DETROIT – Brad Stuart has been here before.
As a 20-year-old rookie in San Jose, Stuart and Gary Suter were the Sharks’ top-unit defensemen on the power play. After Suter left, Stuart was the No. 1 blue-liner in San Jose with the man-advantage, leading the team in 2003-04 with 3:52 of power-play ice time power game.
In Boston, in Los Angeles as recently as 2006-07, Stuart, who was the third overall draft pick in 1998, has been a power-play regular.
With Jason Williams out with a broken leg, Stuart will likely be back in the power-play rotation when the Red Wings take the ice in Columbus tomorrow (7 p.m., FSN).
Williams, a right-handed shooting forward who plays the point with the man-advantage, and Niklas Kronwall have been the Red Wings’ second blue-line combo. Nicklas Lidstrom and Brian Rafalski are on the top unit.
Williams has been one of the Red Wings' top power-play performers. He has been on the ice for 9.5 goals scored per 60 minutes of power-play ice time -- a figure that is tops among Detroit defensemen. The team averages 7.2 goals per 60 minutes of power-play time.
“We all know (Stuart) has got a great shot and he sees the ice real well,” said Kronwall. “He’ll fit in just perfect.”
Coach Mike Babcock said that Lidstrom, Rafalski and Kronwall will be rotated on the power play now, but that Stuart will be the next option when one of those three can’t man the blue line.
“He’s got the real hard shot,” said Babcock of Stuart. “He’s always played on the power play prior to coming here. We’ve just used him way more on the penalty-kill role and the physical-matchup role. We like him getting his minutes that way. But obviously when things change, things change. You’ve got to adjust.”
In 2005-06 with San Jose, Stuart averaged 4:57 of power-play time per game. That same season, he had a career high of seven power-play goals – one of four campaigns with at least five power-play goals for Stuart.
But Stuart’s role in Detroit has been quite different. He’s on the top penalty-kill unit and used as a physical, shut-down defenseman.
Last winter, Stuart was sixth among Detroit defensemen in power-play time per game, trailing forward Mikael Samuelsson and Derek Meech. This season, Stuart has averaged just 27 seconds of power-play ice time per game.

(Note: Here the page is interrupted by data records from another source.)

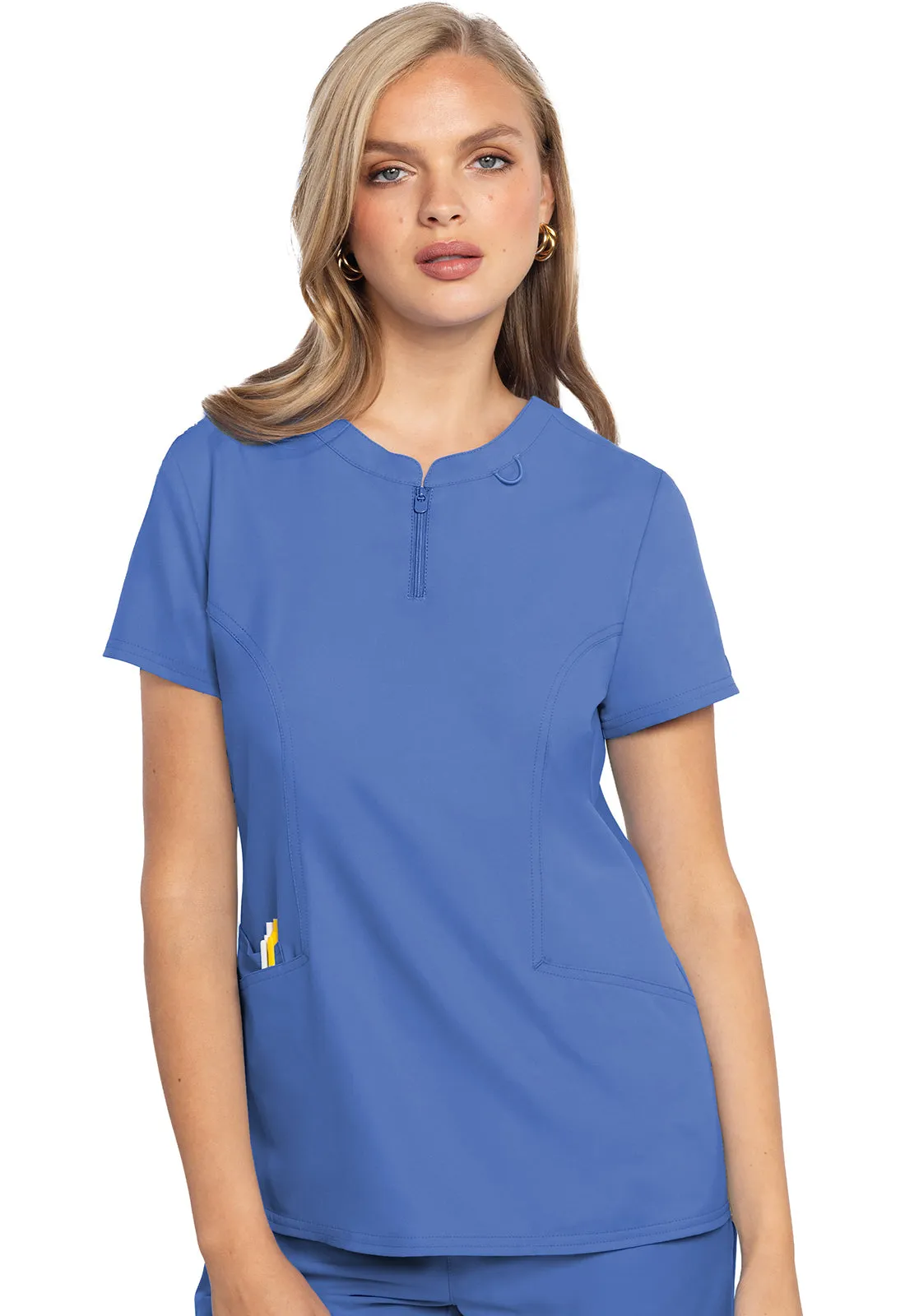 NEW FASHION! MC Insight Women's Zip Front Henley Scrub Top MC609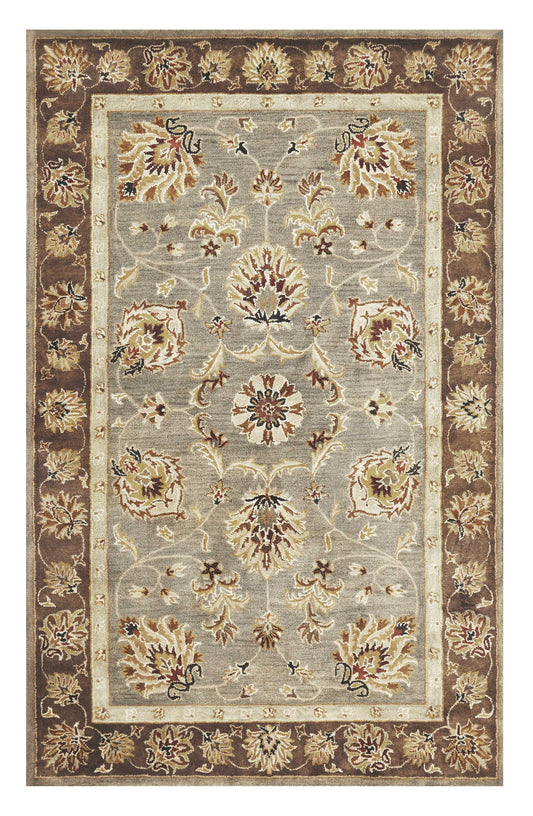 3' X 5' Gray Brown And Ivory Wool Floral Medallion Hand Tufted Area Rug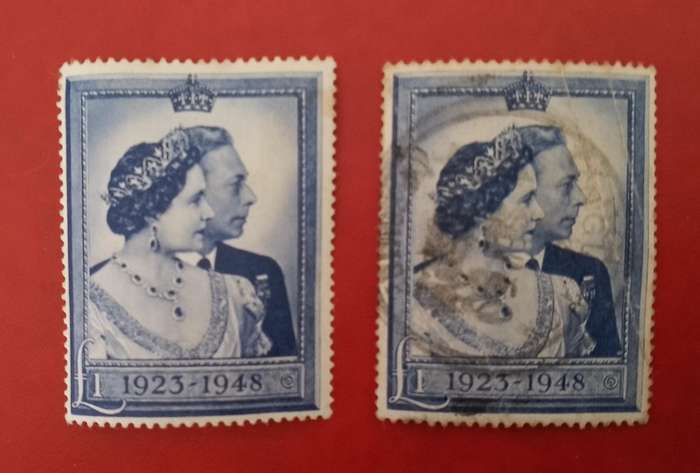 GREAT BRITAIN 1948 SILVER WEDDING 1 POUND USED AND NEW SG  CAT 80 POUNDS.-SEE SCANS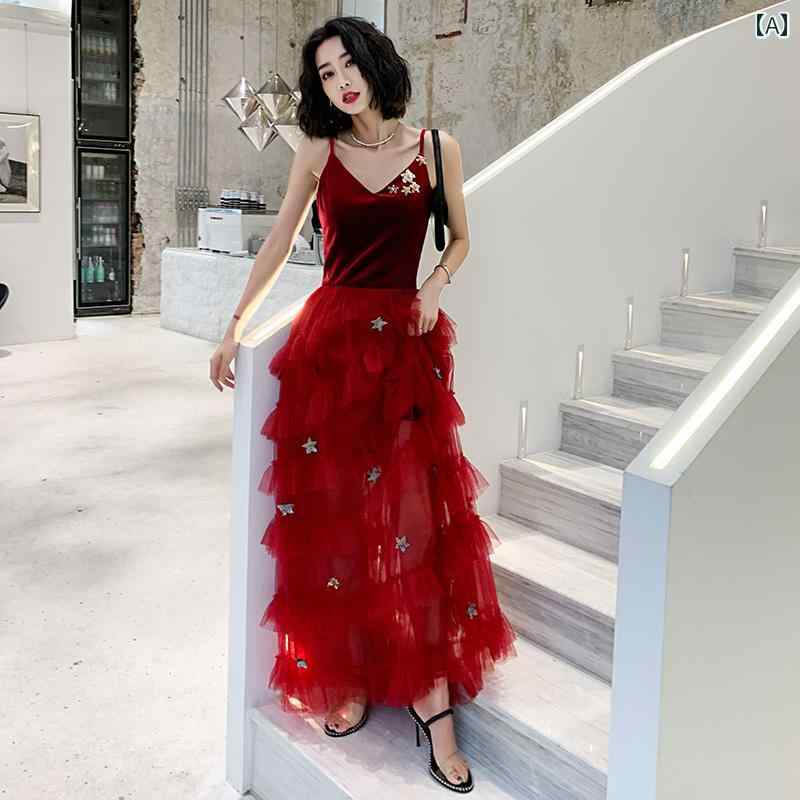 ドレス レディース 華やか 上品 エレガント パーティー 舞台 衣装 花嫁 ブルゴーニュ ロング 結婚式 感謝 旅行 写真 イブニング スリム(4)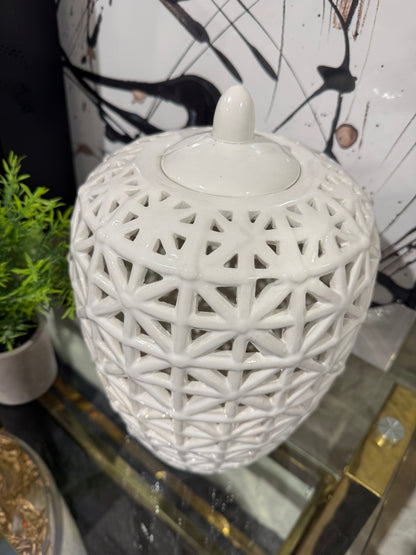 White Lattice Lidded Jar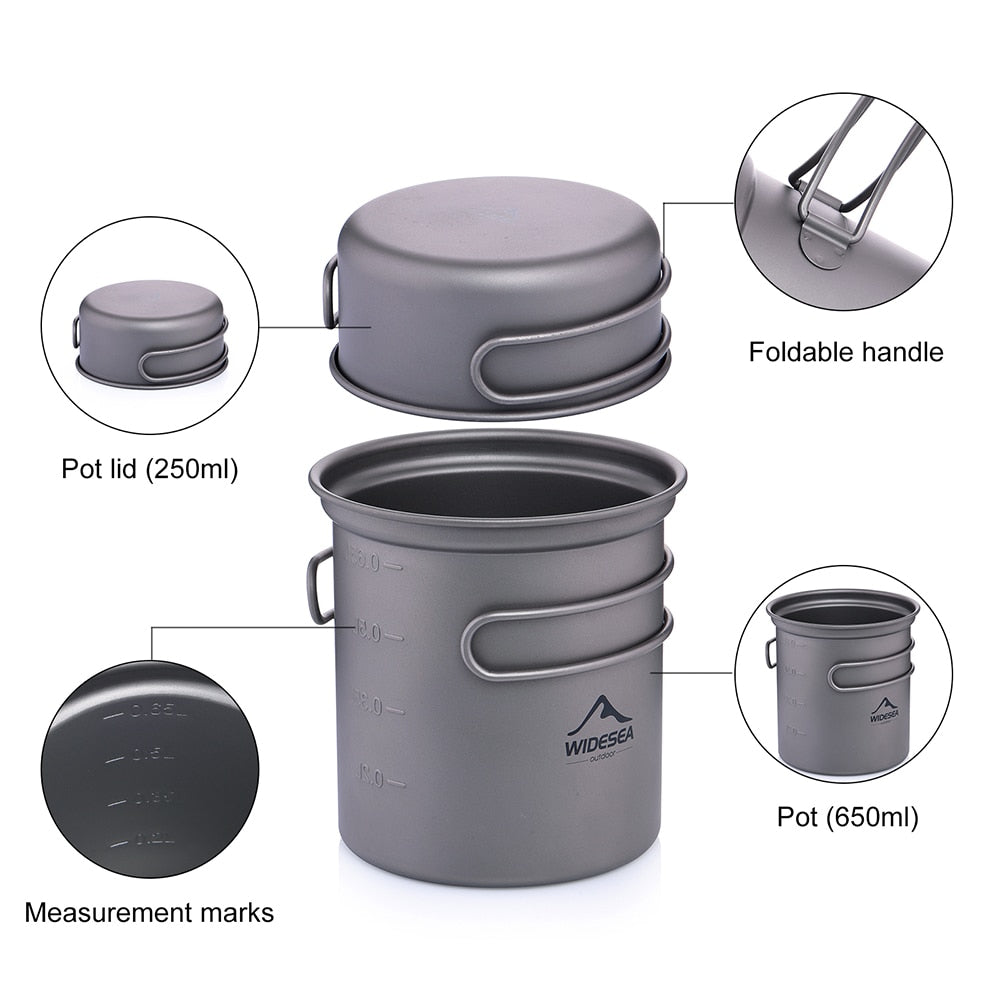 Titanium Cooking Pot Set Tableware for Camping Outdoor Cookware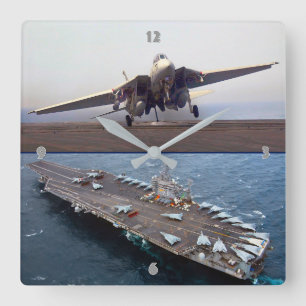 F-14 TOMCAT SQUARE WALL CLOCK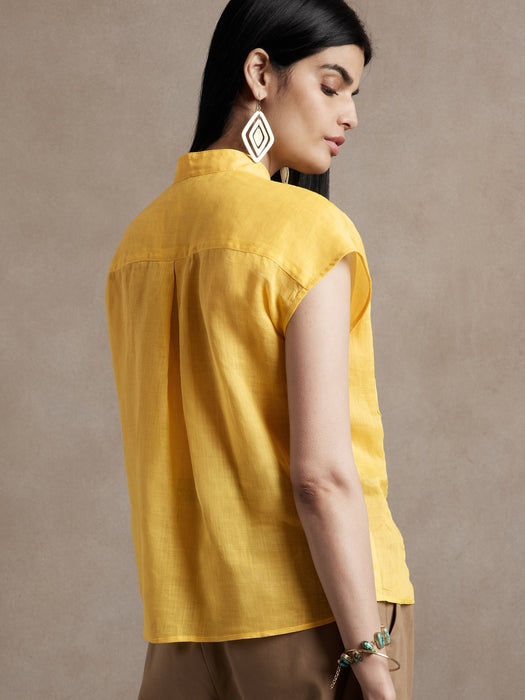 Ramie Utility Shirt - Yellow Umbrella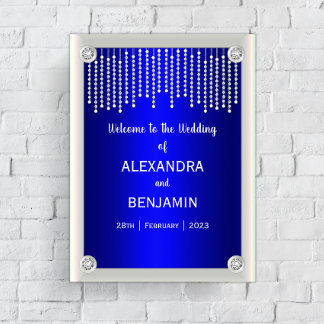 Luxurika diamanter och Pearls Blue Bröllop Välkomm Poster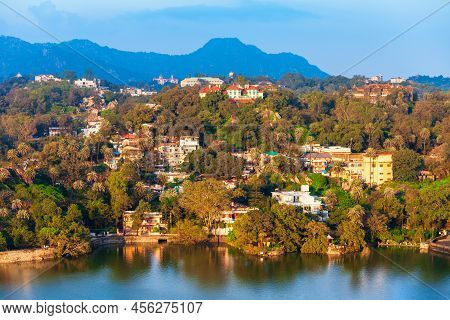 Mount Abu And Nakki Lake Aerial Panoramic View. Mount Abu Is A Hill Station In Rajasthan State, Indi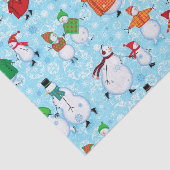 Papier Mousseline Vacances de patinage de bonhommes de neige (Détail)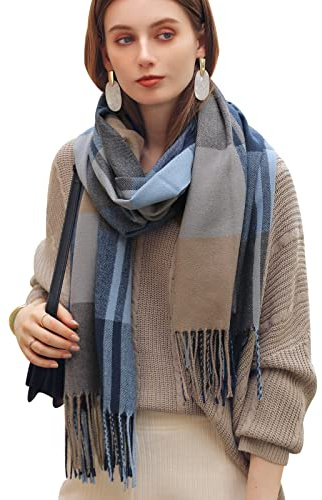 Baynetin Damen Winter Senior Plaid Kaschmir Schal,Kariert Pashmina Übergroßer Herbstschal Stolen,Tartan Schultertuch Mit Quasten,Karomuster Warmer Oversized Fransen Poncho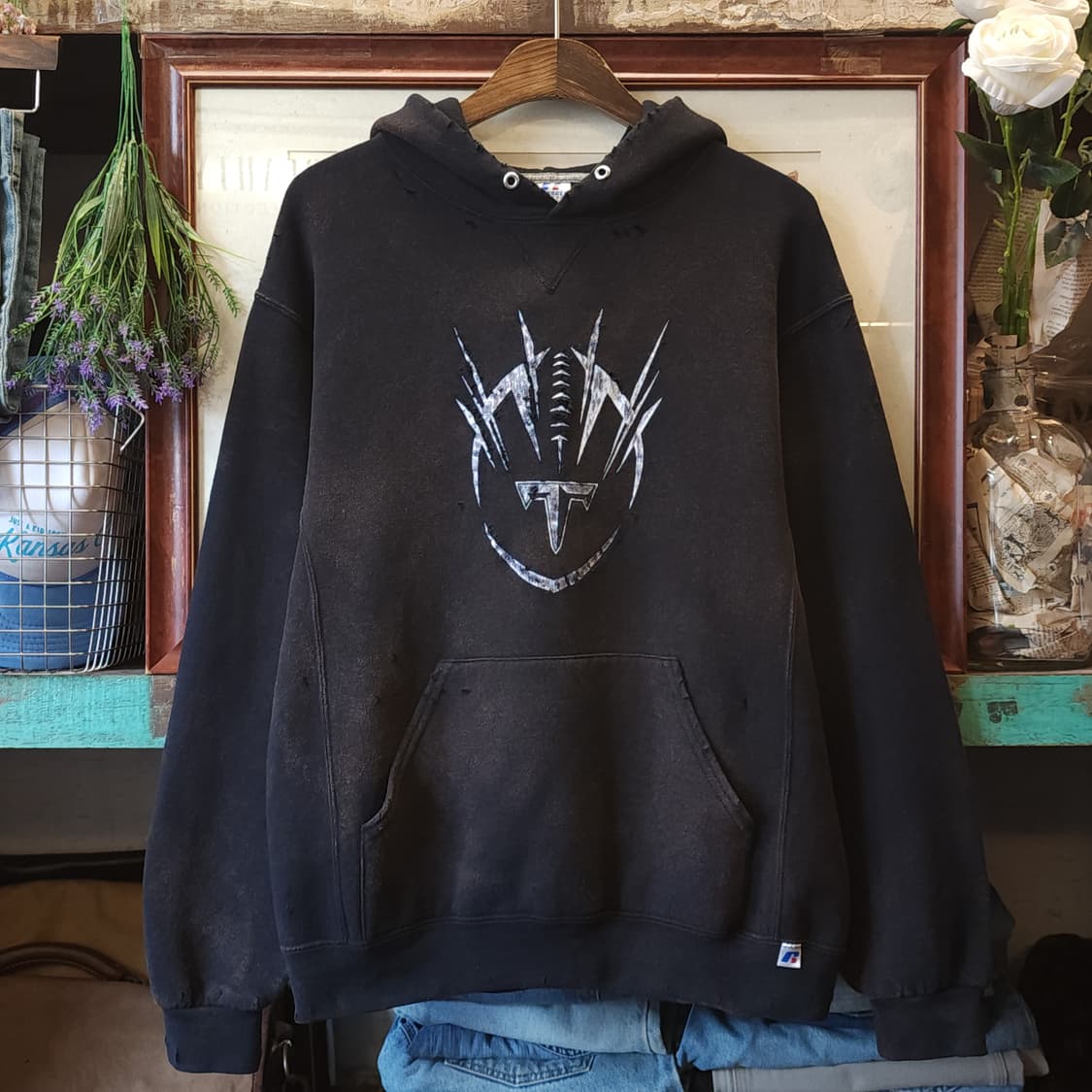 90s 러셀 후드 빈티지 스웻셔츠 썬페이딩 블랙 프린팅 M 상품이미지1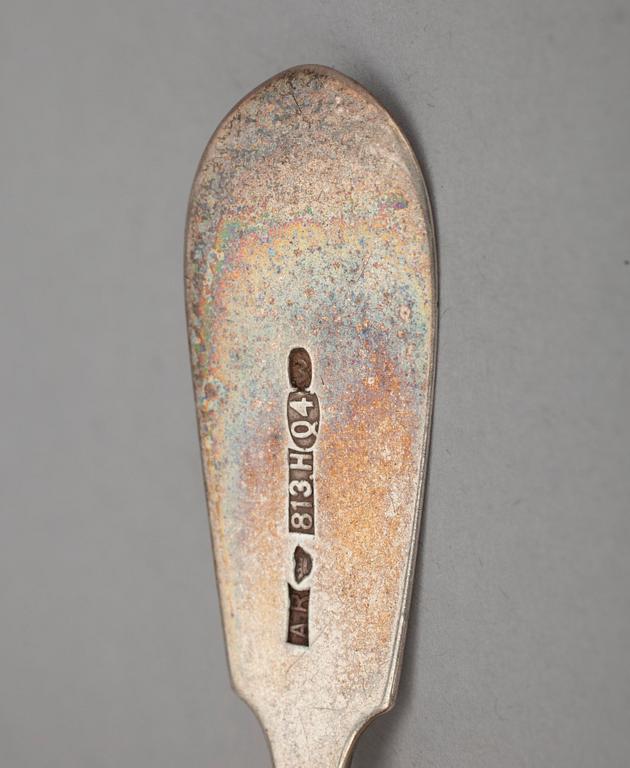 TESKEDAR, 9 st, 813 silver. Stämplad A.R. Wiborg 1897. Vikt 185 g.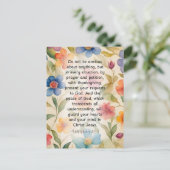 ピリピ4:6-7キリスト教聖書聖句の水色 ポストカード (スタンド正面)
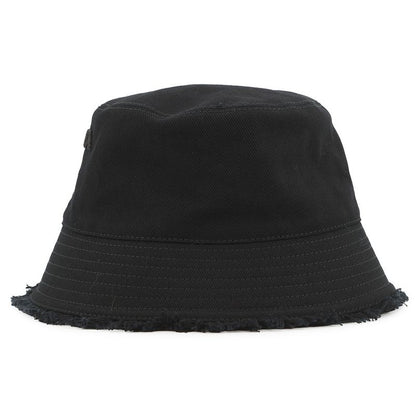 Prada Hat Drill Logo Fringe Cotton S Hat Bucket Hat Black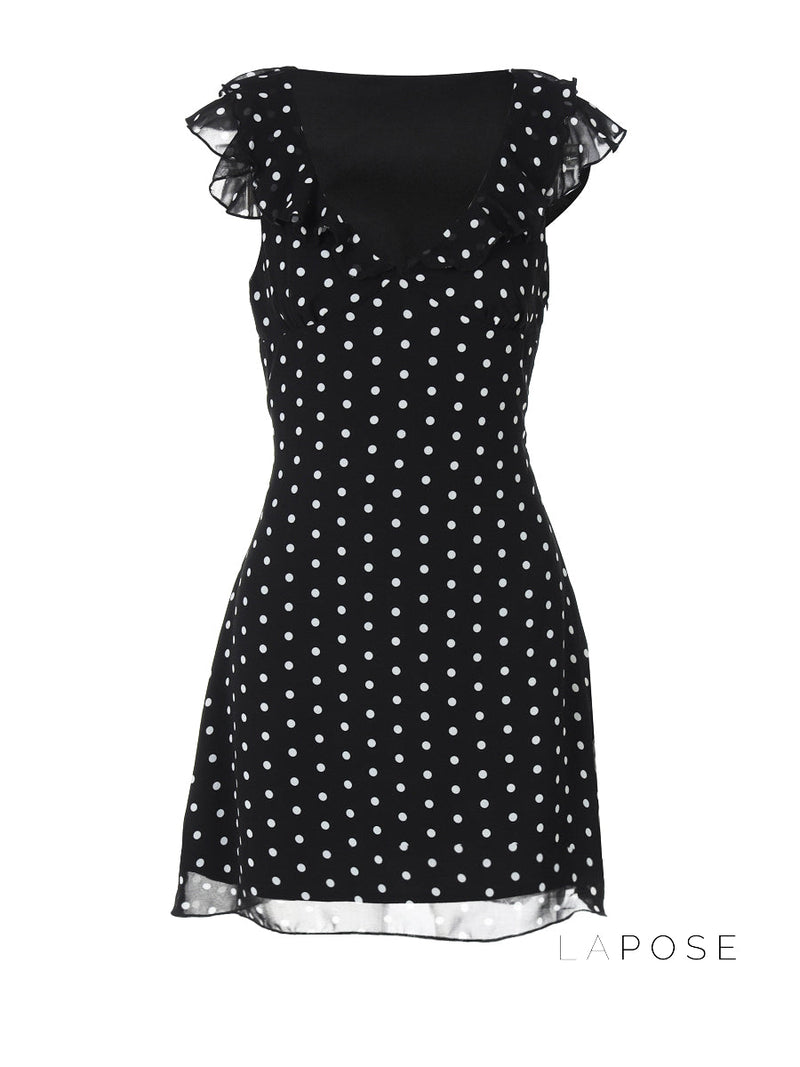 Davina Ruffled Polka Dot Mini Dress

“Earlier in my career, sure, if I wasn’t playing the power play, I would have gotten more upset, let it affect me,” said Stuart. “But I’ve gotten to the point now where as long as I feel like I’m contributing and an important part of the team, I’ll do whatever they need me to do.”
And until Williams’ broken leg heals, there is a need on the power play.
“Certainly it’s fun playing the power play, but I’ve put my focus on other parts of my game getting better,” said Stuart. “I’ve really taken pride in killing penalties and just playing strong, physical defense. But any time you get a chance to be on the power play and get some time out there is nice. I’ve just accepted that that’s not what they need me to do here, so it’s not a big deal.”